Avec son Stumbling, Climbing, Nesting, la nantaise pose des bases saisissantes. Elle expérimente, se distingue vocalement et dessine les traits, bien en relief, d’un rock changeant dans ses humeurs. Volcanique (l’excellent Our waking lives en ouverture), celui-ci, tiens, souffle aussi la sensibilité écorchée d’une…Shannon Wright, pour qui Miët a donc ouvert le bal scénique. Il y a ici beaucoup de caractère, une identité qui porte bien haut ce disque à la fois rock, indus, au ressenti palpable que ce soit dans la « ouate » comme dans ses penchants nerveux, nombreux. Passé cette introduction de taille et de souffre, The queen of gloom impose ses secousses industrielles. Chant narratif, puis mutin ou plus soyeux, un brin batailleur, et étayage sonore issu d’un esprit fertile s’unissent…pour le meilleur en termes de rendu. Obscur, porteur d’histoires de vie ayant pour thème l’humain, les parcours de vie et les embûches qu’ils génèrent, Stumbling, Climbing, Nesting (me) captive. Même lorsqu’il se fait plus posé, ou plutôt faussement tranquille (Hibernation), il dégage de l’attrait, et nous secoue émotionnellement à l’image des sujets que son contenu aborde.
Sur le morceau cité plus haut, c’est d’ailleurs la rage qui finit par prévaloir. Elle trouve ici une belle expression, des sons et chansons à sa mesure. I walk, uninterrupted dresse une toile sombre, à l’intense minimalisme. L’équilibre entre la soie du chant, ses versants bien plus ardents, trouve son contrepoint dans le ciment sonique. Je pousse alors le volume: l’ire de Miët, c’est un peu la mienne, la notre. Son disque en est le parfait écrin, Anophecy le voit s’assagir sans, toutefois, délaisser ses abords gris et ses rythmes qui, soudain, s’affirment. Je suis déjà pris de l’envie de le rejouer, ce Stumbling, Climbing, Nesting. Mais il me faut d’abord achever ma première investigation.

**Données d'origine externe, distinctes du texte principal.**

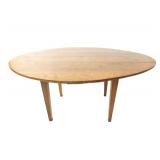 Antique country French oval pine table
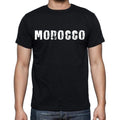 morocco Men's T-Shirt Short Sleeve Round Neck Black t shirt for men
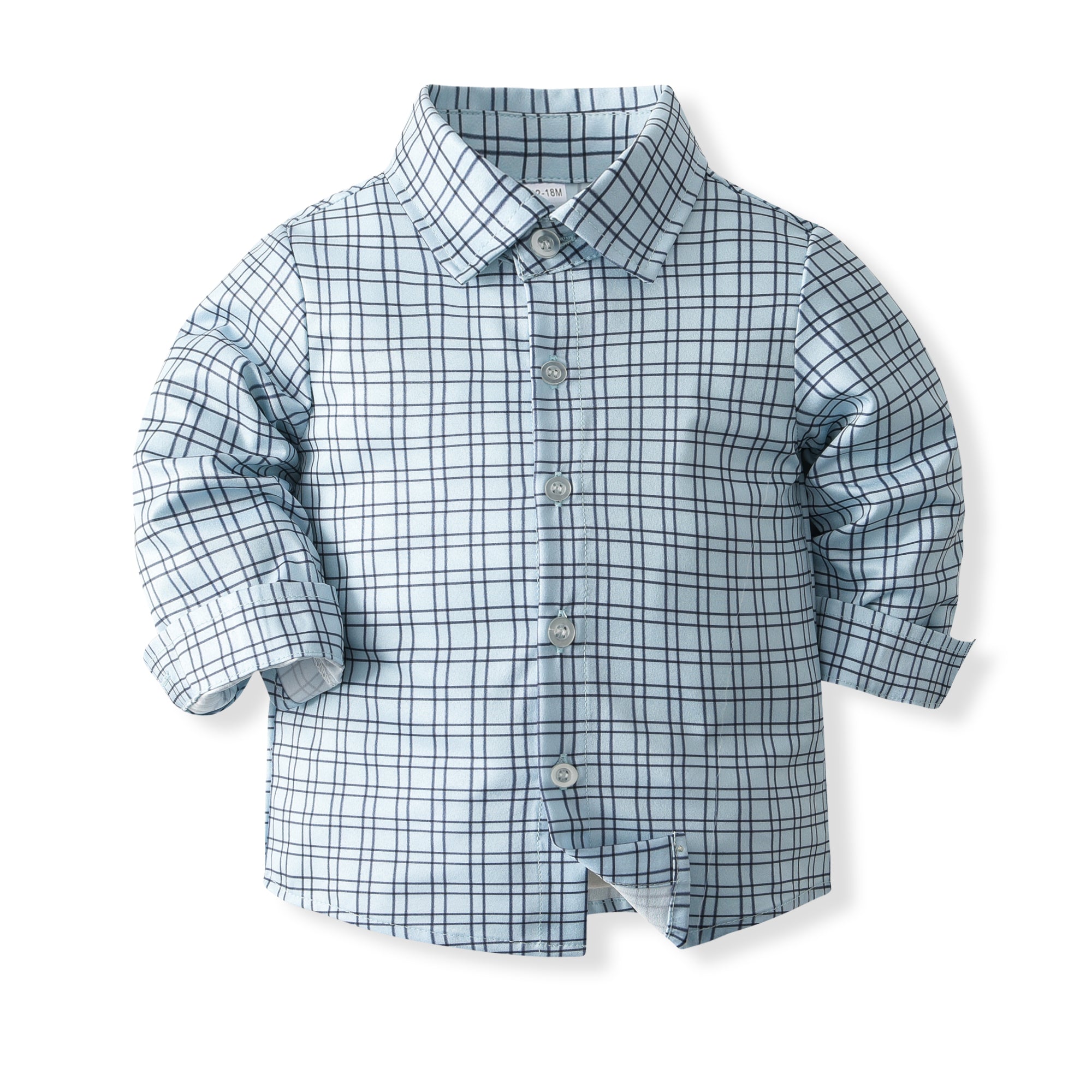 Boys Checked Pure Cotton Shirt With Trouser & Waistcoat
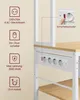A close-up view of the power strip and associated icons on a shelf unit. Produktbild-Vorschau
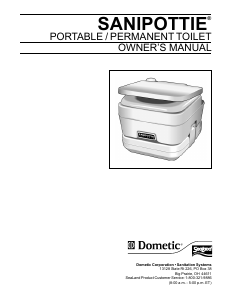 Manual Dometic Sanipottie Portable Toilet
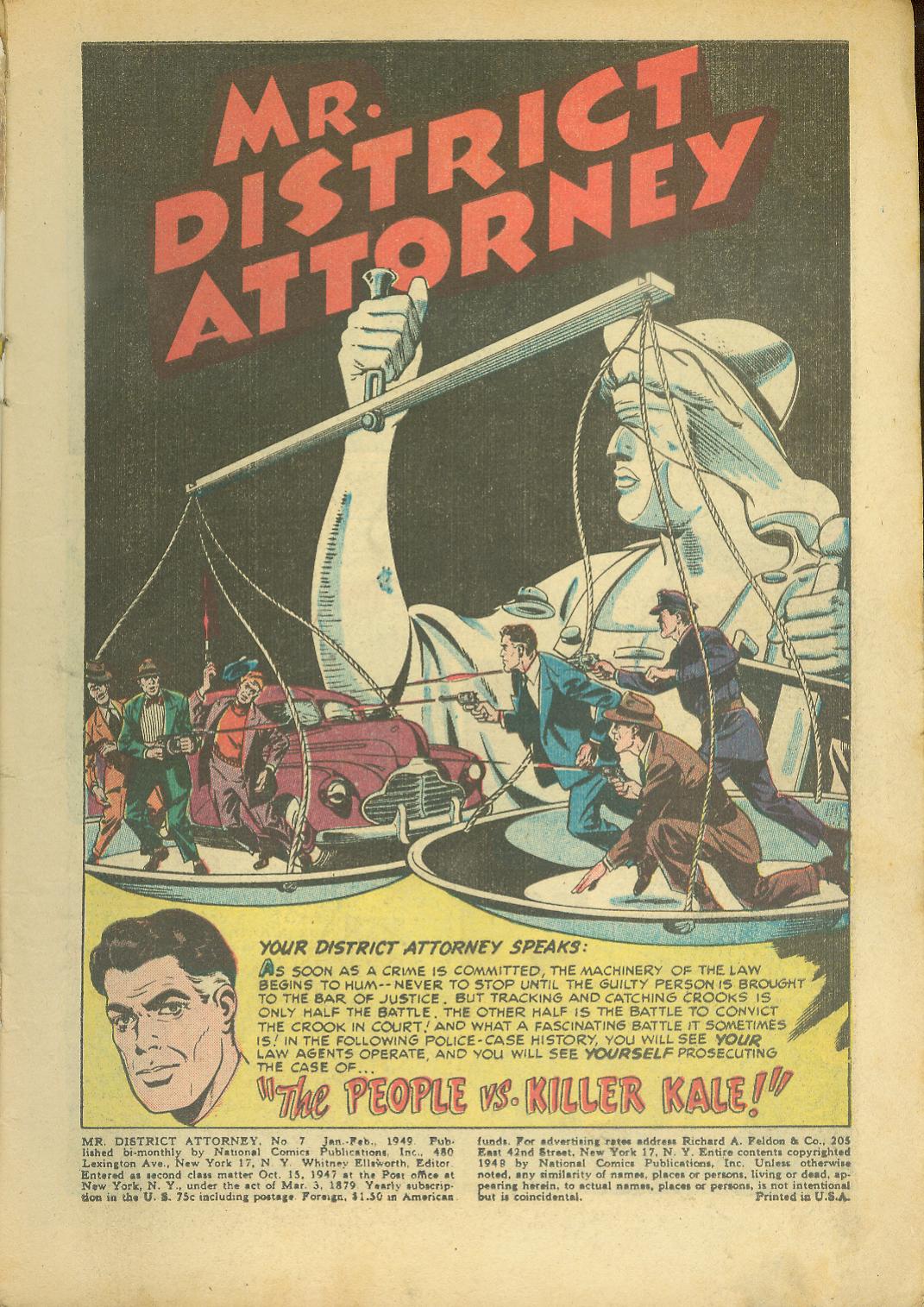 Read online Mr. District Attorney comic -  Issue #7 - 3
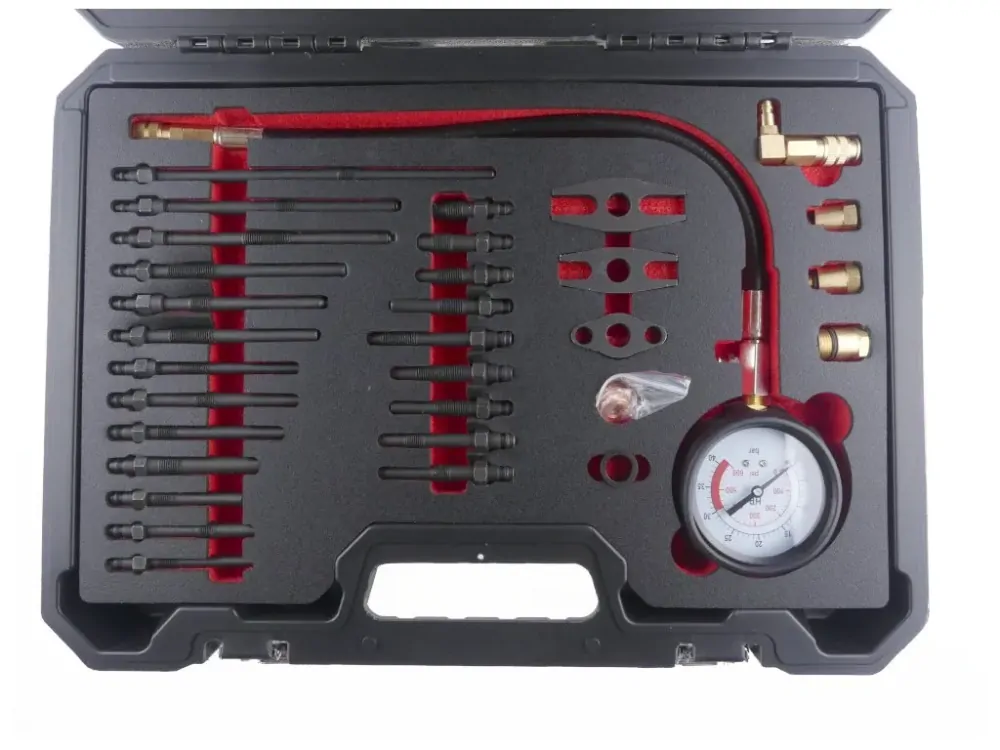 QUATROS QS30101 Kompresiometr - tester komprese pro benzínové i dieselové motory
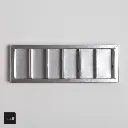 Atelier 18 Narrow Rows Silver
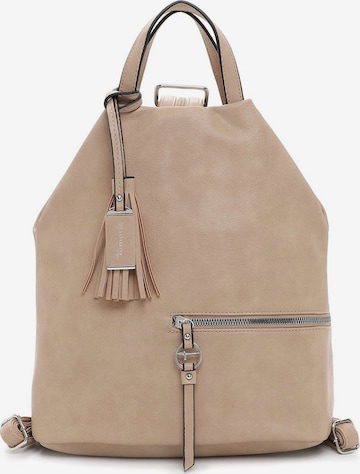 TAMARIS Backpack 'Nele' in Brown: front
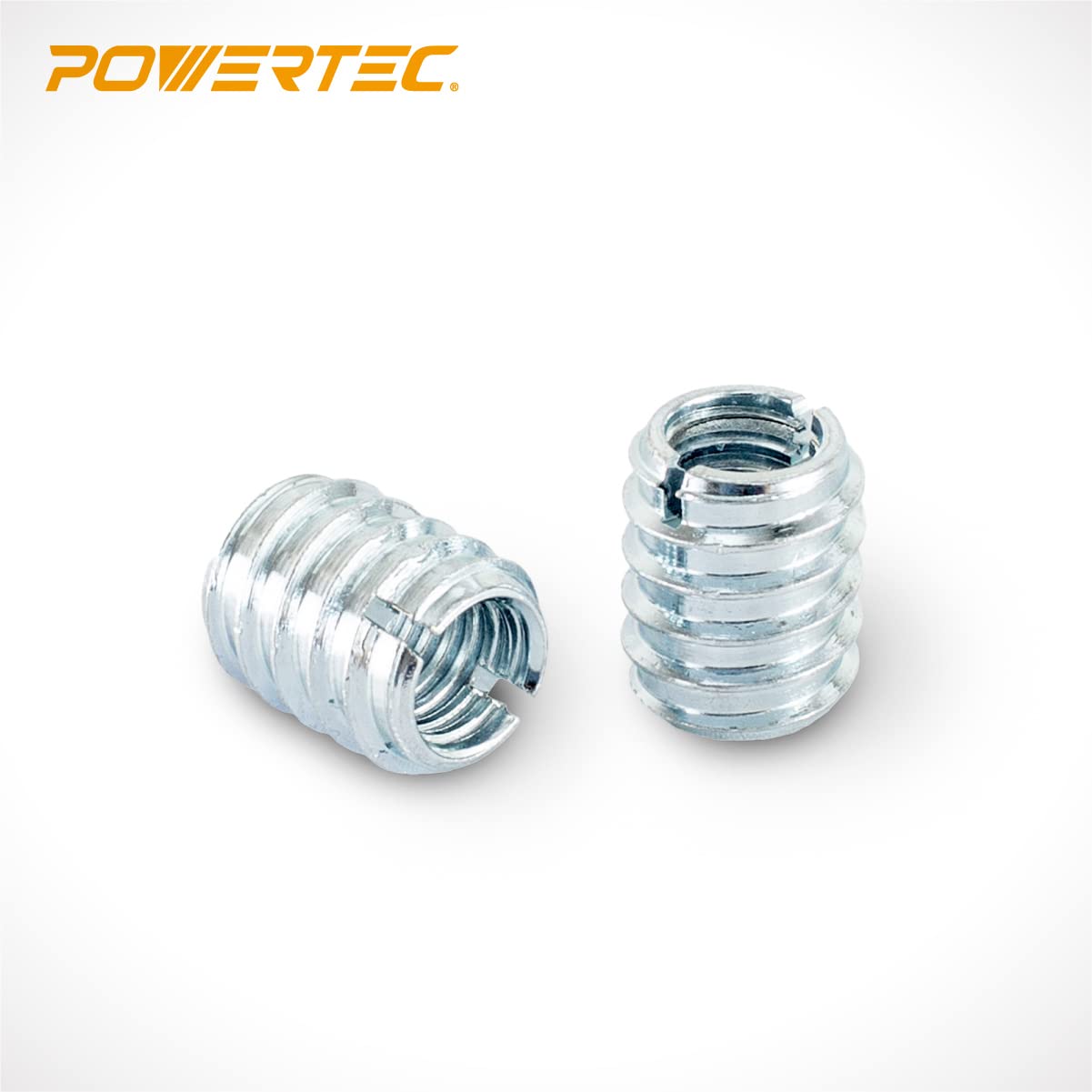 POWERTEC QTI1004 Threaded Inserts for Wood Furniture, gray or silver, 1 case(Pack of 6) - Image 2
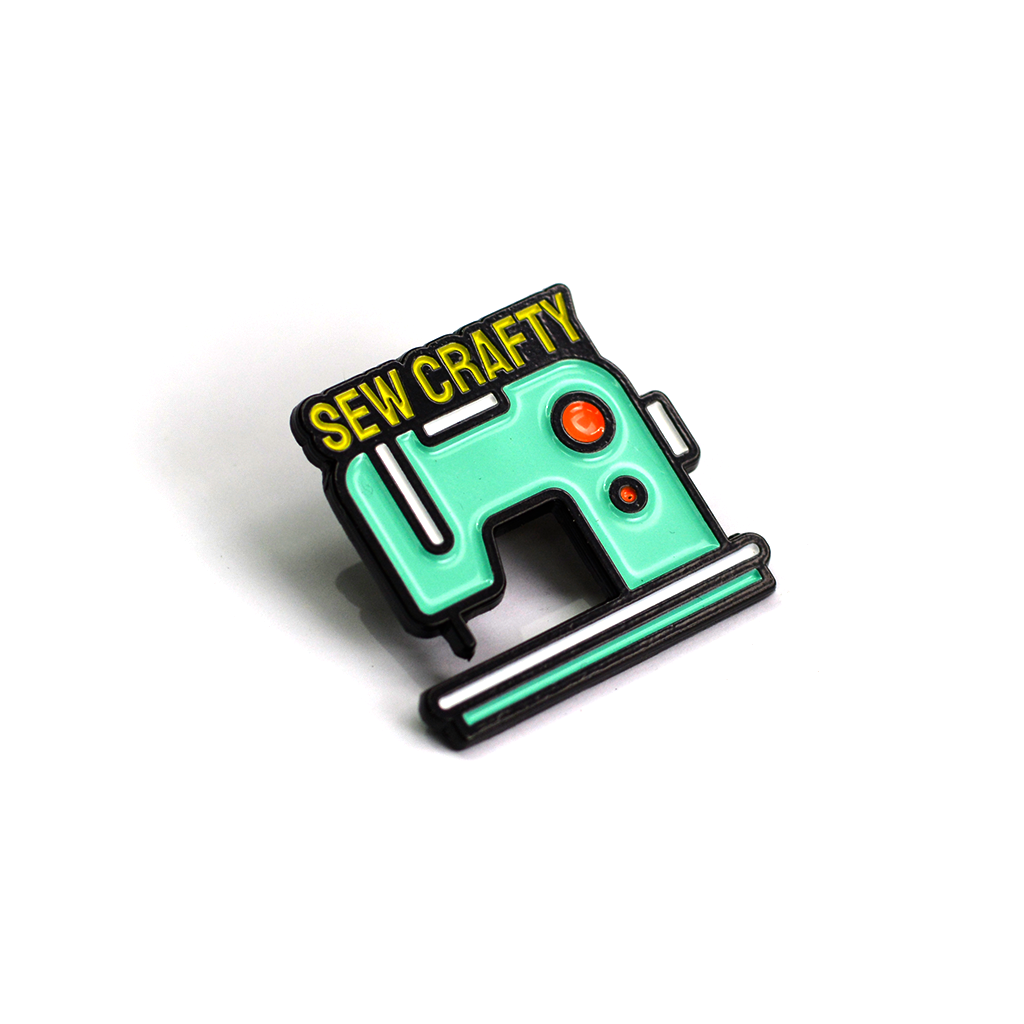 Sew Crafty - Enamel Pin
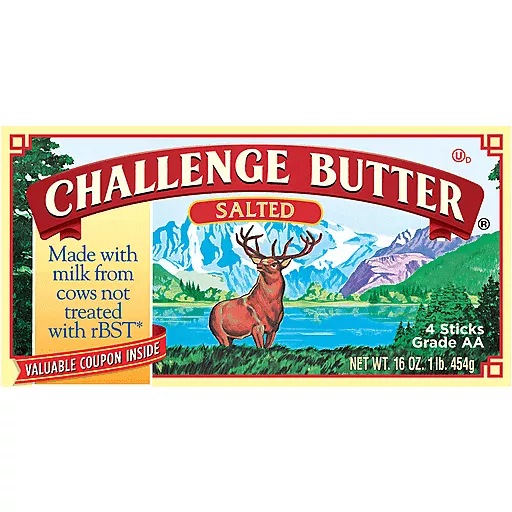 Challenge Salted Butter Four Sticks 1L B Challenge Salted Butter Four Sticks 1L B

Celle-ci m’amène ensuite à Many masters. On y investit un terrain plus psyché, au climat -c’est une constante chez Miët- captivant. On retrouve une atmosphère tout aussi fascinante avec October, à l’arrière-plan menaçant. Tout en saccades brutes, entaillées par des sons belliqueux. Suzy y greffe un chant pluriel, qui incontestablement donne de l’envergure à son effort. Nesting suit; il semble, par son contenu, projeter une forme de sérénité qui, sur la fin du morceau, se perd dans des élans rugueux et speedés. Dans ceux-ci, il y a quelque chose de racé, une touche individuelle indéniable. Une mainmise, aussi, qui sert l’ultime livraison de l’album. Un My boulder and I tranquillisé, bien belle conclusion d’une rondelle de tout premier choix, enregistrée qui plus est au mythique Black Box d’Angers.